Des études antérieures mentionnent plusieurs méthodes pour déterminer le type d’AI en se basant sur un ensemble de critères cliniques, radiologiques, histologiques et génétiques16. L’évaluation histologique avec coloration et la MEB ont confirmé le diagnostic d’AI. Et bien que la MEB ait révélé la présence d’une mince couche d’émail de structure irrégulière, une épaisse couche de dentine primaire s’était formée autour de la pulpe coronaire pour résister aux forces traumatiques.
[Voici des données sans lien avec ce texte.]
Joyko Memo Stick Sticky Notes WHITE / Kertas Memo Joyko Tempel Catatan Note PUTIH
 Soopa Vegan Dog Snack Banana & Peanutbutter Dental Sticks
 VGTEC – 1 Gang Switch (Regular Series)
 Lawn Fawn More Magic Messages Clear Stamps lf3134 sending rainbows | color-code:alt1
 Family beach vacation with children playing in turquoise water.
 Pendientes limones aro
Il arrive souvent que les patients atteints de cette anomalie veuillent obtenir un traitement, à cause de l’inesthétique de leur dentition, de problèmes de mastication et de leur gêne en société5. Cependant, l’absence d’uniformité dans le plan occlusal, l’absence congénitale de dents, la sensibilité dentaire, la piètre esthétique dentaire et la diminution de la dimension verticale peuvent poser des difficultés pour le traitement prothétique5.
Dans le cas présent, la patiente était surtout préoccupée par l’altération de la couleur de ses dents et par leur sensibilité généralisée. Elle était insatisfaite de l’aspect de ses dents et préoccupée par leur état à long terme. Le traitement proposé visait principalement à améliorer l’esthétique, conformément aux souhaits de la patiente, et non à modifier le plan d’occlusion. Une réhabilitation complète en zircone a donc été réalisée, sans modifier la dimension verticale d’occlusion. L’occlusion a été ajustée en fonction de la relation centrée de la patiente, car c’était la seule position reproductible16. L’occlusion a été guidée sur les canines, car les canines inférieures et supérieures venaient en contact du côté travaillant, alors que les dents postérieures n’étaient pas en occlusion.
La réhabilitation prothétique a permis d’améliorer à la fois l’apparence faciale et l’occlusion. Le suivi dentaire à long terme a consisté en des examens cliniques et radiographiques réguliers, réalisés à 3, 6, 12, 24 et 36 mois. Le traitement a permis de répondre aux attentes de la patiente, en ce qui a trait à la fonction, à la phonation et à l’esthétique. Les examens cliniques et radiographiques n’ont révélé aucun problème lié aux tissus mous ou au maintien des restaurations. Cependant, comme la mise en fonction, les parafonctions, le vieillissement et la fatigue à l’effort ont une incidence sur la longévité des restaurations dans le milieu buccal17, un suivi continu d’au moins cinq ans sera nécessaire pour évaluer le succès de ces restaurations dans la cavité buccale18.
Conclusion
Dans le cas présenté ici, la réhabilitation esthétique et fonctionnelle de l’AI hypoplasique a été réalisée au moyen de restaurations en zircone. Le traitement a su répondre aux attentes fonctionnelles et esthétiques de la patiente et aucun problème n’avait été détecté à la 3e visite de suivi annuelle.